▸ Work to complete: Please return each entry exactly as it appears, but not the pictures.

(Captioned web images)
○ ○ ○ ○ ○ ○ ○

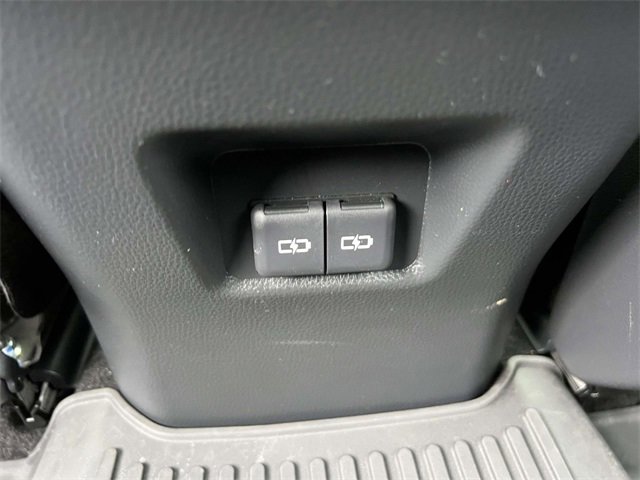 Used 2023 Toyota RAV4 SE image 12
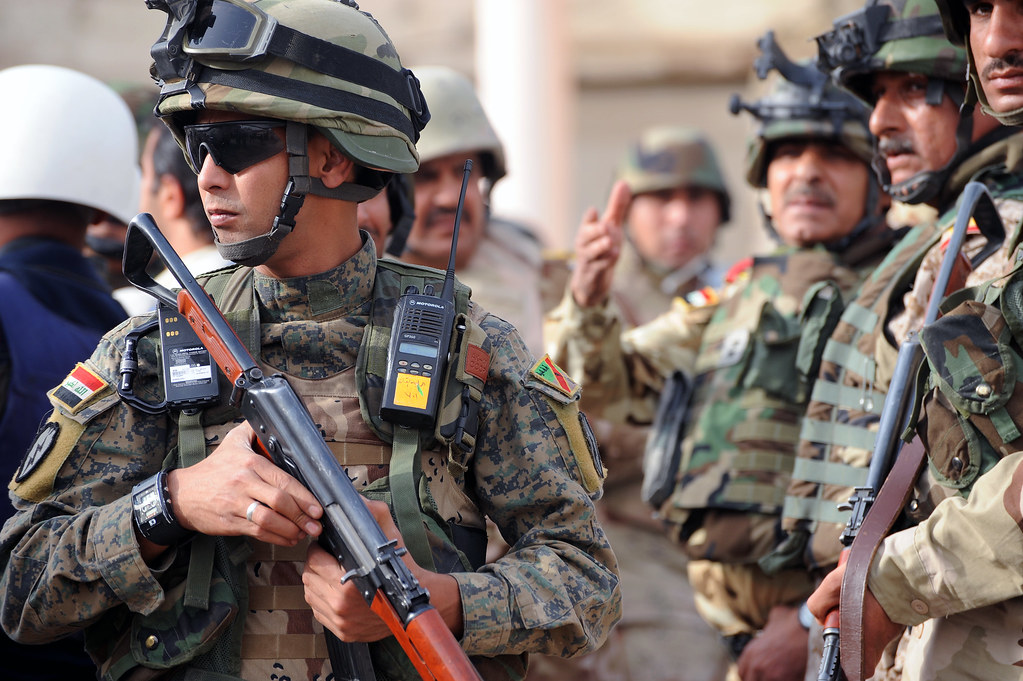 090329A4676S363 Iraqi Soldiers provide security for a p… Flickr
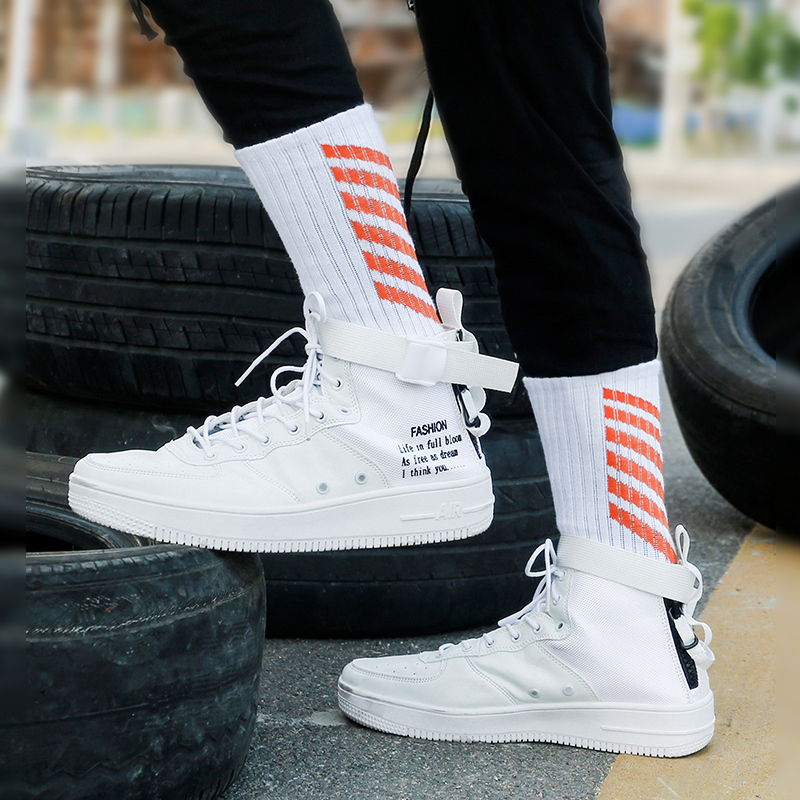 筒潮牌春夏季街头风欧美配aj潮流棉长筒嘻哈高帮篮球运动枫叶ins潮袜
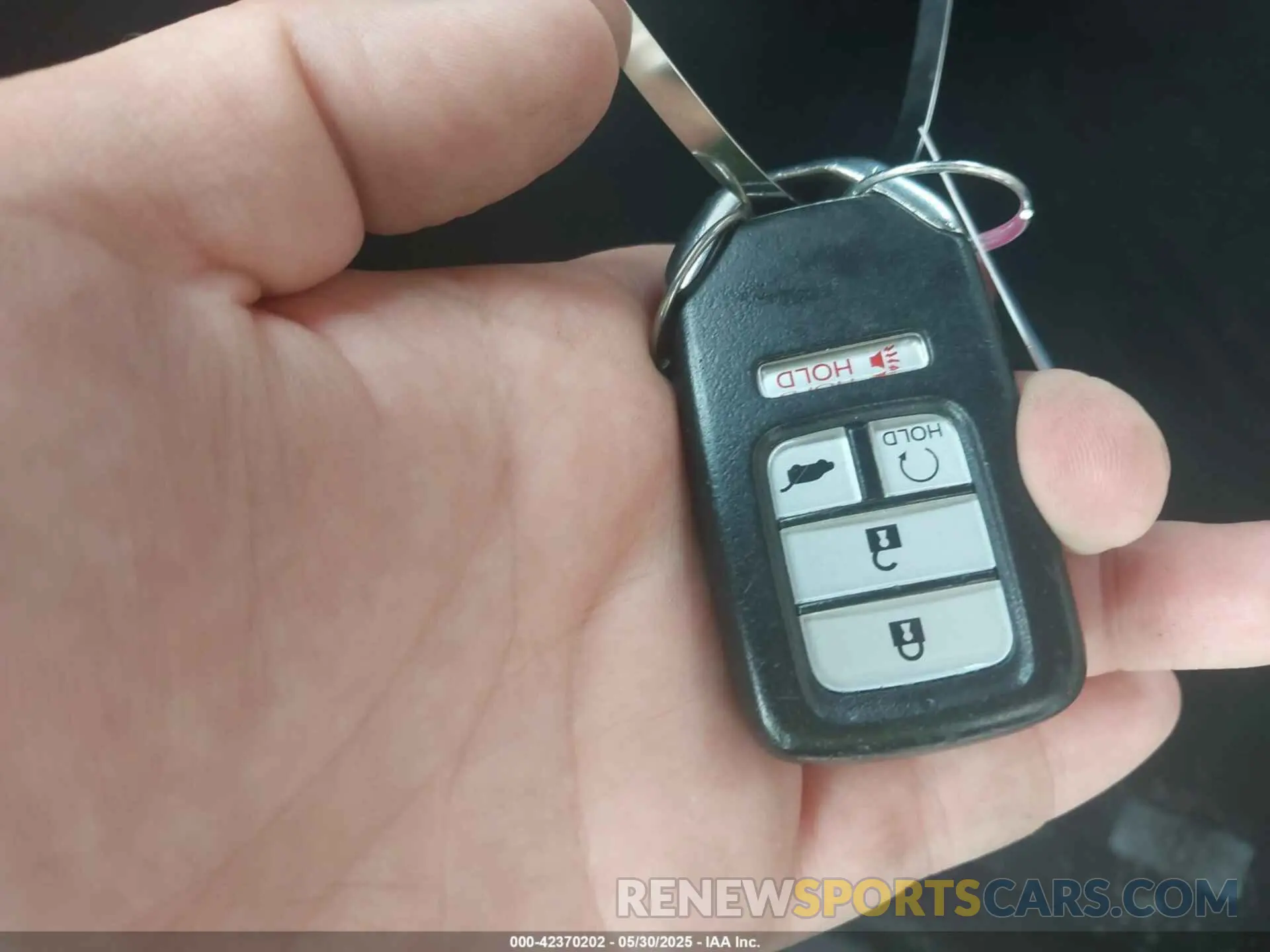 11 fotografías del automóvil dañado 2HKRW1H57LH409227 HONDA CR-V 2020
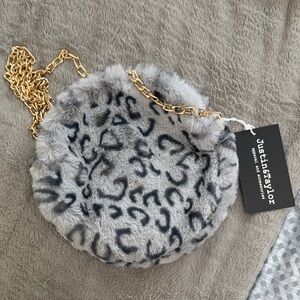 Justin&Taylor Faux Fur Leopard Print Crossbody - Gray
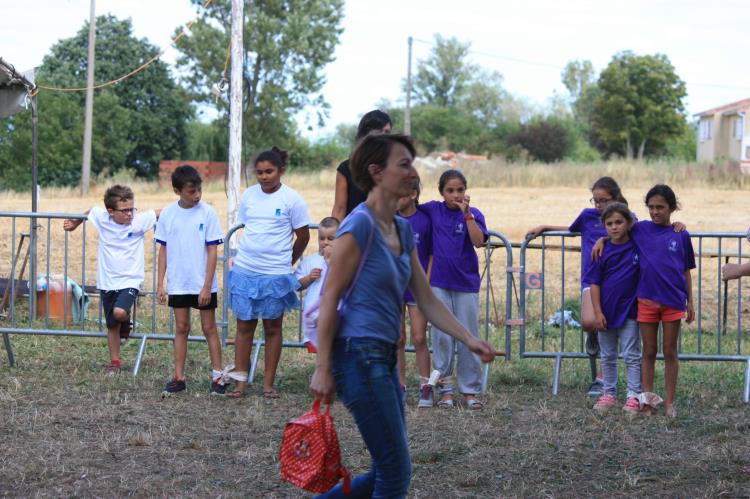 Jeux d'enfants à Escayre (253)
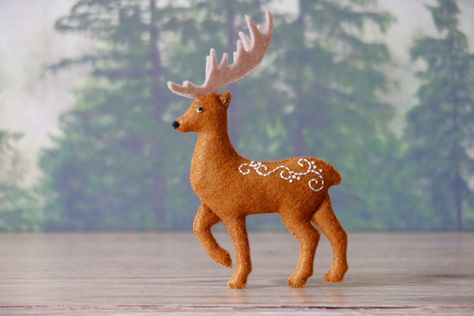 Deer sewing pattern,felt animals, felt ornament, Christmas ornament, Woodland Deer, Waldorf Toys, DIY Craft Tutorial,  PDF SVG felt pattern Deer Sewing Pattern, Pattern Felt Animals, Fancy Crafts, Stuffed Deer, Felt Deer, Woodland Deer, Deer Ornament, Deer Pattern, Felt Ornament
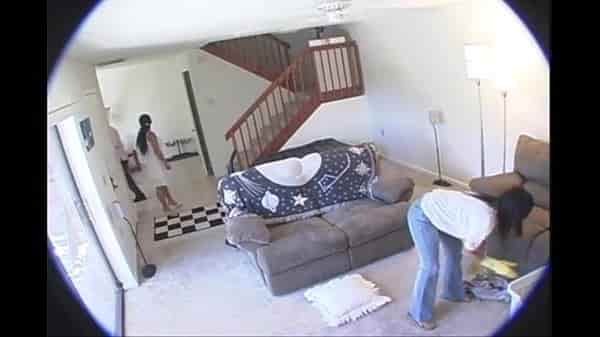 مقطع مسرب لربت المنزل والخدامة.. سكس حقيقي – سكس منزلي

○ ○ ○ ○ ○ ○ ○

▸ Your response:
 Used 2023 Toyota RAV4 SE image 12
 090329A4676S363 Iraqi Soldiers provide security for a p… Flickr
 筒潮牌春夏季街头风欧美配aj潮流棉长筒嘻哈高帮篮球运动枫叶ins潮袜
 11 fotografías del automóvil dañado 2HKRW1H57LH409227 HONDA CR-V 2020
 Justin&Taylor Faux Fur Leopard Print Crossbody - Gray
 Jeux d'enfants à Escayre (253)
 Deer sewing pattern,felt animals, felt ornament, Christmas ornament, Woodland Deer, Waldorf Toys, DIY Craft Tutorial,  PDF SVG felt pattern Deer Sewing Pattern, Pattern Felt Animals, Fancy Crafts, Stuffed Deer, Felt Deer, Woodland Deer, Deer Ornament, Deer Pattern, Felt Ornament
 مقطع مسرب لربت المنزل والخدامة.. سكس حقيقي – سكس منزلي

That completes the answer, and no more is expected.